(15) The Pains of Being Pure at Heart, "The Pains of Being Pure at Heart" (Slumberland)
The Pains of Being Pure at Heart did little to distance themselves from Slumberland's tradition of jangly shoegaze pop tunes about (often unrequited) romantic longing. No need to tweak; by delivering 10 songs this strong, they showed why the tradition was so beloved to begin with.
(14) Future of the Left, "Travels With Myself and Another" (4AD)
Two-thirds of McLusky turned in a fair substitute for that band's fourth album that never was. Over a Pixies-meets-Shellac blitzkrieg, Andy Falkous continues to obnoxiously take down his frenemies (this time, "Rick" gets skewered), make weird puns ("Stand By Your Manatee") and instigate for instigation's sake ("You Need Satan More Than He Needs You").
(13) The Raveonettes, "In and Out of Control" (Vice)

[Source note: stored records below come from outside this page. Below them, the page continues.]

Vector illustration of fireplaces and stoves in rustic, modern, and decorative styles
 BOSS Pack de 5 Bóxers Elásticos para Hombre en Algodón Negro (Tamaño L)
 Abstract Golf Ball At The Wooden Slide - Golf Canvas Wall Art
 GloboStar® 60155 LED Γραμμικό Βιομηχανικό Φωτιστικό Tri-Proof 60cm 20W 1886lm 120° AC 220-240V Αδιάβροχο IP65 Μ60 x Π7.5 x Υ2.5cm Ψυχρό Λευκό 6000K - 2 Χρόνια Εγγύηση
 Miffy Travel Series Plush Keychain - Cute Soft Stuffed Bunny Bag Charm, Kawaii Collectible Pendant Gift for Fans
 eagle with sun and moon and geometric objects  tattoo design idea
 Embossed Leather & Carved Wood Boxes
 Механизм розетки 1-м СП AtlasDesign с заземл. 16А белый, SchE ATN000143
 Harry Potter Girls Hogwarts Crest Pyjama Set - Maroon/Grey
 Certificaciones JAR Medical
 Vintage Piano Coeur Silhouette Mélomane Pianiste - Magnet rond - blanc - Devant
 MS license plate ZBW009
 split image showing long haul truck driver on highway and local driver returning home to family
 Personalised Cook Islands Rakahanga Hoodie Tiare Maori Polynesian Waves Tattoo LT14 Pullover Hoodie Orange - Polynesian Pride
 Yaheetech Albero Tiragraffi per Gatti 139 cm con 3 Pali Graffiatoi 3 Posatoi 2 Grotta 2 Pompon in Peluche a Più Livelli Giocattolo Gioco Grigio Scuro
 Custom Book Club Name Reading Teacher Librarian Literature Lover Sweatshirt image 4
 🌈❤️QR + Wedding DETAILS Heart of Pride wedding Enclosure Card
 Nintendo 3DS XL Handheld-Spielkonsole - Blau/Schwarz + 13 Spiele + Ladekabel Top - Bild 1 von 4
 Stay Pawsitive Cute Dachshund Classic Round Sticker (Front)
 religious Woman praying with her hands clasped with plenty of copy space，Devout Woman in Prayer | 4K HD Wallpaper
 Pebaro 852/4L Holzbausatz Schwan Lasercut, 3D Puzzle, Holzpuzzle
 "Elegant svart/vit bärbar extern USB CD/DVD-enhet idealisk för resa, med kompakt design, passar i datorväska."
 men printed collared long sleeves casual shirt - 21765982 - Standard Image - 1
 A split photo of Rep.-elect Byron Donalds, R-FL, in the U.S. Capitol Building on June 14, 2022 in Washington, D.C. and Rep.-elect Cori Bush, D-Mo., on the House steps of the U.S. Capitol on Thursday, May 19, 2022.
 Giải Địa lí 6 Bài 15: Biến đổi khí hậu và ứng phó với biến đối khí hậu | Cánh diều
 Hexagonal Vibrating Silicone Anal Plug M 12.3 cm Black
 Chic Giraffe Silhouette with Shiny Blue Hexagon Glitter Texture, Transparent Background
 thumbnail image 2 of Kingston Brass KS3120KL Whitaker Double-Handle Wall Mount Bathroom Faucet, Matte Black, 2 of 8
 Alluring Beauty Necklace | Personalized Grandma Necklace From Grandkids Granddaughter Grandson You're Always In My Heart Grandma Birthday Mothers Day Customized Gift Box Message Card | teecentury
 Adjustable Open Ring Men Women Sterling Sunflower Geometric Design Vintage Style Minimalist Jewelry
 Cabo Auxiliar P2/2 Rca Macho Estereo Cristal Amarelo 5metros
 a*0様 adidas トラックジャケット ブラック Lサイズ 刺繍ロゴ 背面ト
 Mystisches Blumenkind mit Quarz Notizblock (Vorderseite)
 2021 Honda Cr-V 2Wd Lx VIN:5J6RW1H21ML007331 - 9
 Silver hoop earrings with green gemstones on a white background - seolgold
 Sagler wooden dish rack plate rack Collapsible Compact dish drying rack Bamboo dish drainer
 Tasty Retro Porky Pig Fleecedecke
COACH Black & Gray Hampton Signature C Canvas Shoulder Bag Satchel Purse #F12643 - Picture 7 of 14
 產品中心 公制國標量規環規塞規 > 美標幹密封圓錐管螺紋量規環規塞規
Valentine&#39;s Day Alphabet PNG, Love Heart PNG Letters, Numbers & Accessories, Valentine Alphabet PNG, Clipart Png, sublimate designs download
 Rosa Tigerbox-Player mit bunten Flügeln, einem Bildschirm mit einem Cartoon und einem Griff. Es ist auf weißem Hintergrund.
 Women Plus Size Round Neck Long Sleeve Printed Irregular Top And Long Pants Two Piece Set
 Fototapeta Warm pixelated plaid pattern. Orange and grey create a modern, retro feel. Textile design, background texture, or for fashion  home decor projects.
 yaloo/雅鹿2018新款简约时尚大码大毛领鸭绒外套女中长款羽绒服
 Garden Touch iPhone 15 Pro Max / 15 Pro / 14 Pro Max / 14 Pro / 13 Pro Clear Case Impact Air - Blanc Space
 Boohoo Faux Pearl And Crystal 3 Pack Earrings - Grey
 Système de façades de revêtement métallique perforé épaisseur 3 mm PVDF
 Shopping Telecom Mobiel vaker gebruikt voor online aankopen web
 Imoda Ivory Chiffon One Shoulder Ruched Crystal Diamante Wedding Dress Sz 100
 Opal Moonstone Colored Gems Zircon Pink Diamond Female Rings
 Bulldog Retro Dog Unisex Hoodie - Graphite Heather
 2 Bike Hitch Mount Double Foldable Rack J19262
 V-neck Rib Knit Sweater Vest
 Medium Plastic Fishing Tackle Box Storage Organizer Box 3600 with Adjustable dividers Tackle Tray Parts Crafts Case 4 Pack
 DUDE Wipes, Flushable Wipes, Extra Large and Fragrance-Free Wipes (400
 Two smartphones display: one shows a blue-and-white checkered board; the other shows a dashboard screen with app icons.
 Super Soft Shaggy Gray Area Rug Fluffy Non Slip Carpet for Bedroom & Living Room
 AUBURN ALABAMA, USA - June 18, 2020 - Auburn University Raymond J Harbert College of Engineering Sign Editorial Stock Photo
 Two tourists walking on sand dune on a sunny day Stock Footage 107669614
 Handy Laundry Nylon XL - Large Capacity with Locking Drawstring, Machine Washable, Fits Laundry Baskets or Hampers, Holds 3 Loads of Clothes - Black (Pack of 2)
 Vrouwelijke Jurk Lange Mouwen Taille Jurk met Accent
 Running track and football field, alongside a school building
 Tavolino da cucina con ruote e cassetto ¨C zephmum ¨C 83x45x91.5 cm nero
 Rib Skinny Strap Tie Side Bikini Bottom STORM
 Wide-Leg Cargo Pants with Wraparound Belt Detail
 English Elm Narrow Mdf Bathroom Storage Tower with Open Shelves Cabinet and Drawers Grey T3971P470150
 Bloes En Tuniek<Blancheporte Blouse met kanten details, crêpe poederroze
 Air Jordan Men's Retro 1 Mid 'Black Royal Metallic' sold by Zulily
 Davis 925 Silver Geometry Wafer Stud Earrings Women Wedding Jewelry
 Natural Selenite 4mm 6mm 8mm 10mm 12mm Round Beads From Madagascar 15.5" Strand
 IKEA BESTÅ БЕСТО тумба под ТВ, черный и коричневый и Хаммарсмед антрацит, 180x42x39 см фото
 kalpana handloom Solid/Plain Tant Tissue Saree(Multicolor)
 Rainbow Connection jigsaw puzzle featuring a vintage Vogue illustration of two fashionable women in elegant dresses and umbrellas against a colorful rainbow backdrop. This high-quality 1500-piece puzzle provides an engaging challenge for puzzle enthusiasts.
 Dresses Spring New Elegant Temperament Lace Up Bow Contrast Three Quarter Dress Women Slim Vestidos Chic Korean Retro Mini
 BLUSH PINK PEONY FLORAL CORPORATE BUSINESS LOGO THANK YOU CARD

By now, nobody should be surprised to hear these great Danes playing retro bubblegum anthems with Jesus and Mary Chain jangle and club-ready sleekness. But to witness them graduating to greater heights with each subsequent release is as much of a shock as a delight.
(12) Neon Indian, "Psychic Chasms" (Lefse)
I didn't buy into this whole "chillwave" craze until long after summer's last gasps of warmth had dissipated, but when I finally dove into Neon Indian's drug-polluted oceans, "Psychic Chasms" seemed like a lovely portal back to those lazier, more comfortable months.
(11) Grizzly Bear, "Veckatimest" (Warp)
Veckatimest drags in the middle, making it one of the year's slight letdowns. But its peaks are among prim-and-proper pop's greatest heights. "Two Weeks" and "Cheerleader" are the musical equivalent of smoking-hot debutantes, while tracks like "Southern Point" and "While You Wait For the Others" hit pretty hard coming from a band known for its exquisite politeness.